**What this task involves:** Give back, exactly as written, the lines from the first line of the data below through the line with "Click image for", and omit the pictures.

─── Material for this exercise ───

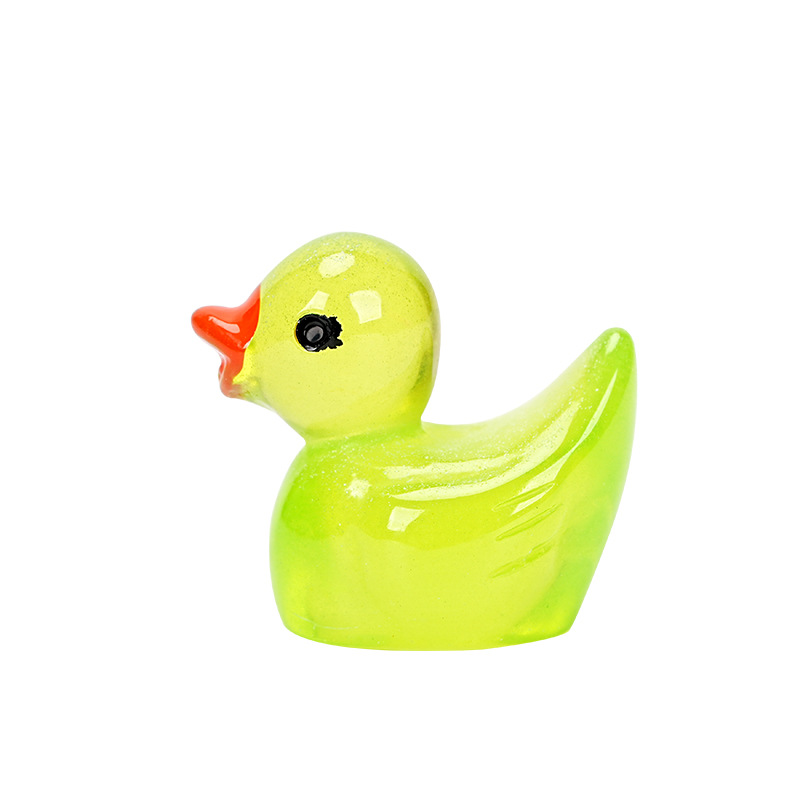 摆摊/发光玩具/波波球批发/地摊/儿童玩具白底实物图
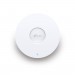 TP-Link EAP650 V1 AX3000 Ceiling Mount WiFi 6 Access Point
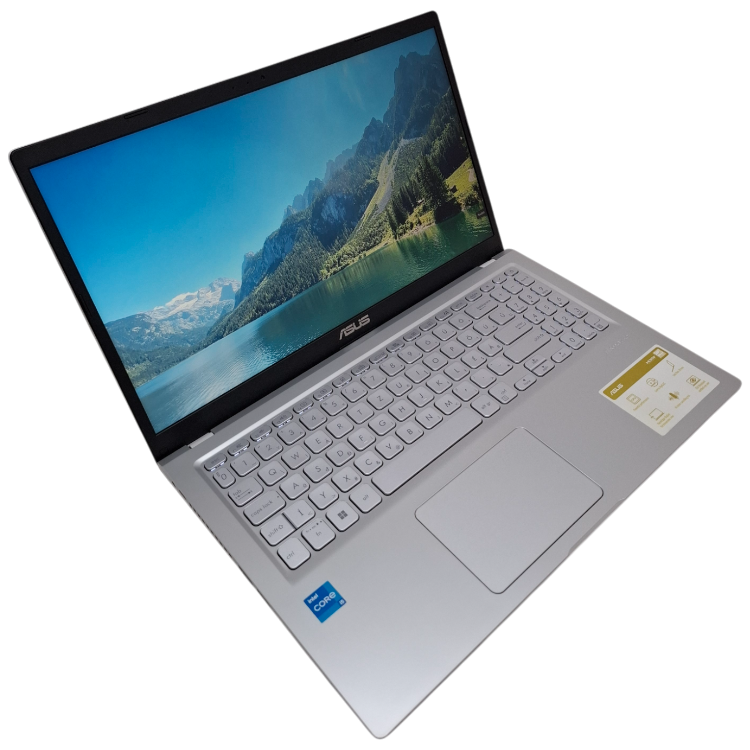 Asus-X515EA-EJ2372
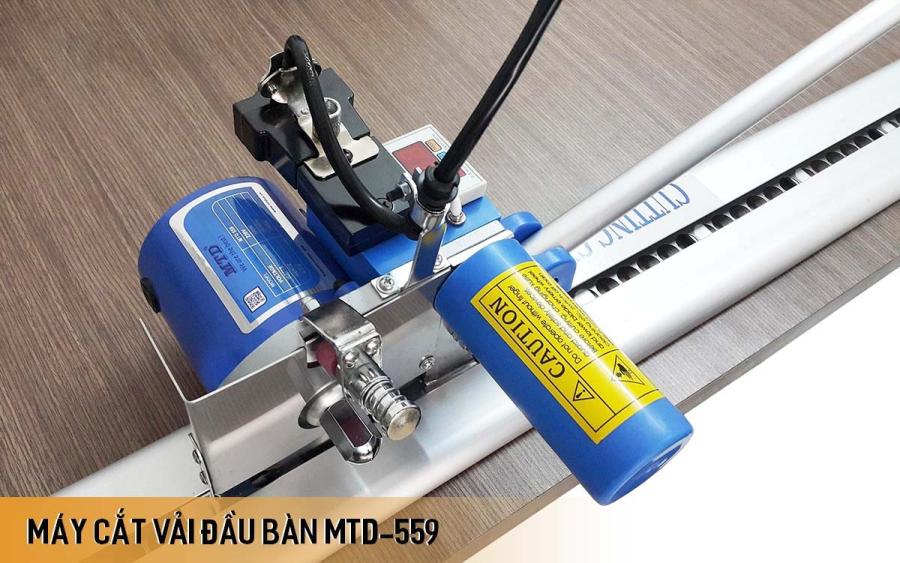 Click image for larger version  Name:	may-cat-vai-dau-ban-mtd-559-01.jpg Views:	2 Size:	90.7 KB ID:	197122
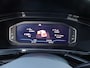 Volkswagen T-Cross 1.0 TSI Life Business Automatische airco, navigatie, cruise controle, parkeersensoren, achteruitrij camera, apple-carplay, enz.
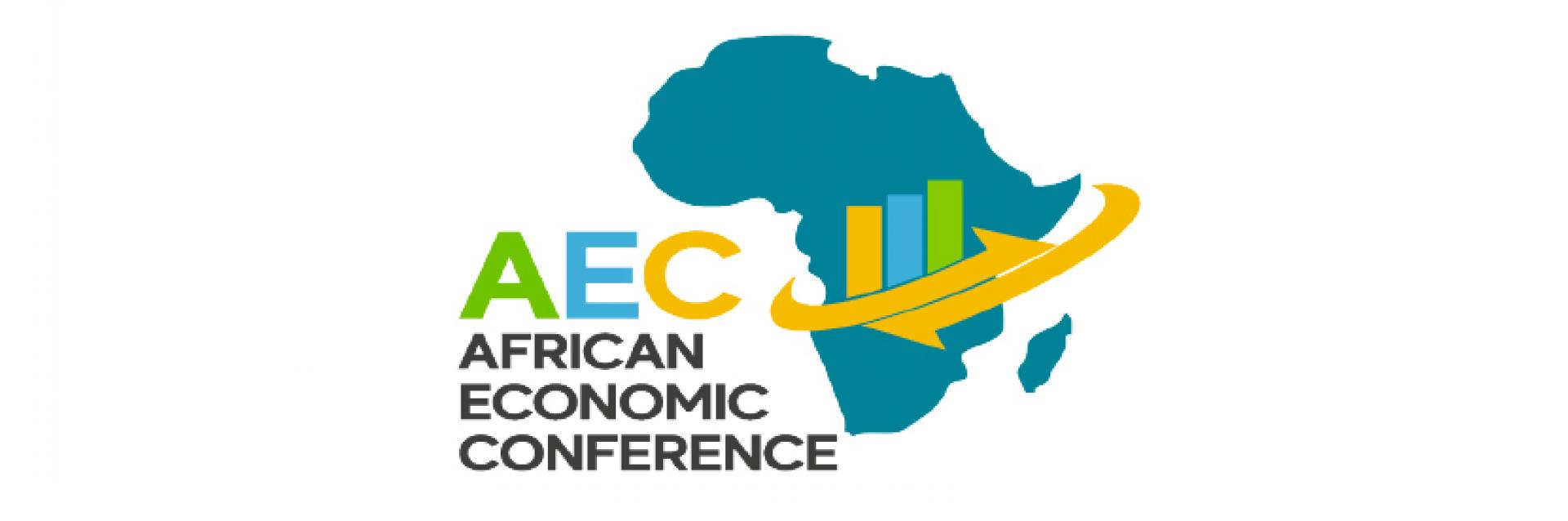 Conférence économique africaine 2020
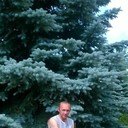 ���������� ������, ���� ������� Aleksandr, 52 ����, ������������ ��� ������, ����� � ���������, c�������� ���������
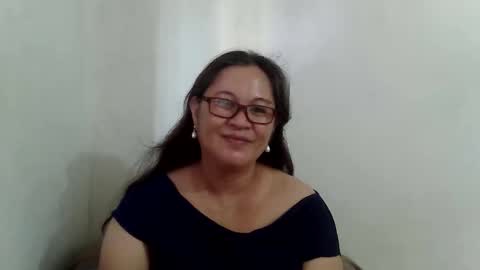 hotpreciousxxx online show from June 1, 12:34 am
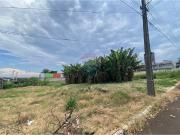Terreno para venda em Jardim Cláudia em Foz Do Iguaçu...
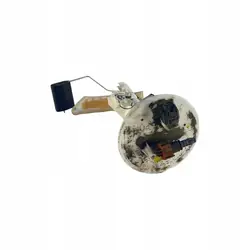 Capteur de niveau de carburant OEM JUT145256 Hyundai Santa Fe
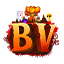 Icon of Minecraft Server BlazeVortex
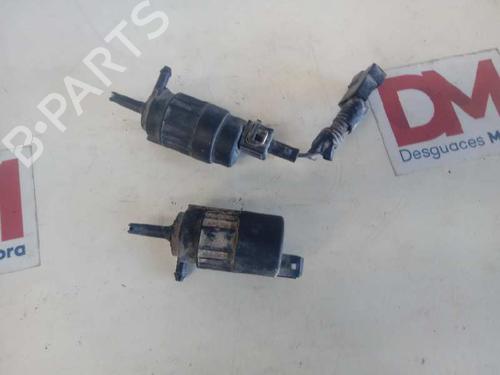 Used Washer pump MITSUBISHI SPACE STAR MPV (DG_A) 1.9 DI-D (DG4A) (115 hp) 14130095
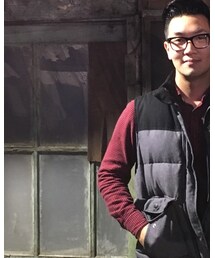 UNIQLO | その他トップス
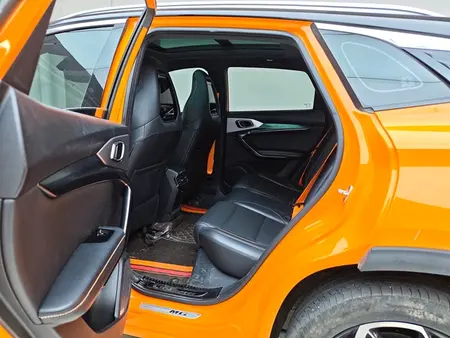 catalog-car-17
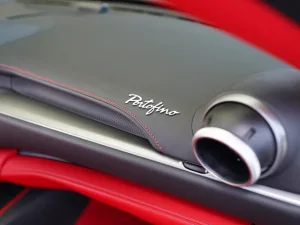 2019 فيراري بورتوفينو Portofino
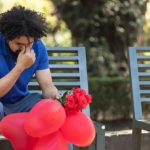 The Mental Exhaustion of Overthinking Love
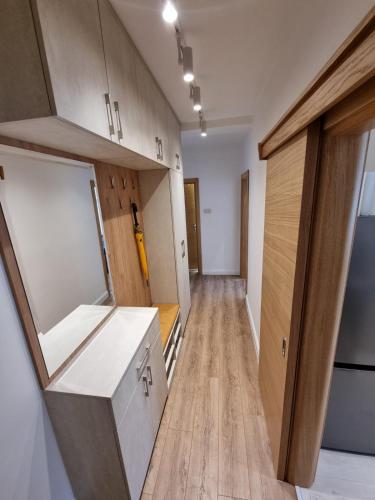 Golden Fields Apartment near the Old Town - image 2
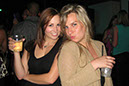 IMG_7687-1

───

**Exercise solution:**
 摆摊/发光玩具/波波球批发/地摊/儿童玩具白底实物图
 TP-Link EAP650 V1 AX3000 Ceiling Mount WiFi 6 Access Point
 Asus-X515EA-EJ2372
 Click image for larger version  Name:	may-cat-vai-dau-ban-mtd-559-01.jpg Views:	2 Size:	90.7 KB ID:	197122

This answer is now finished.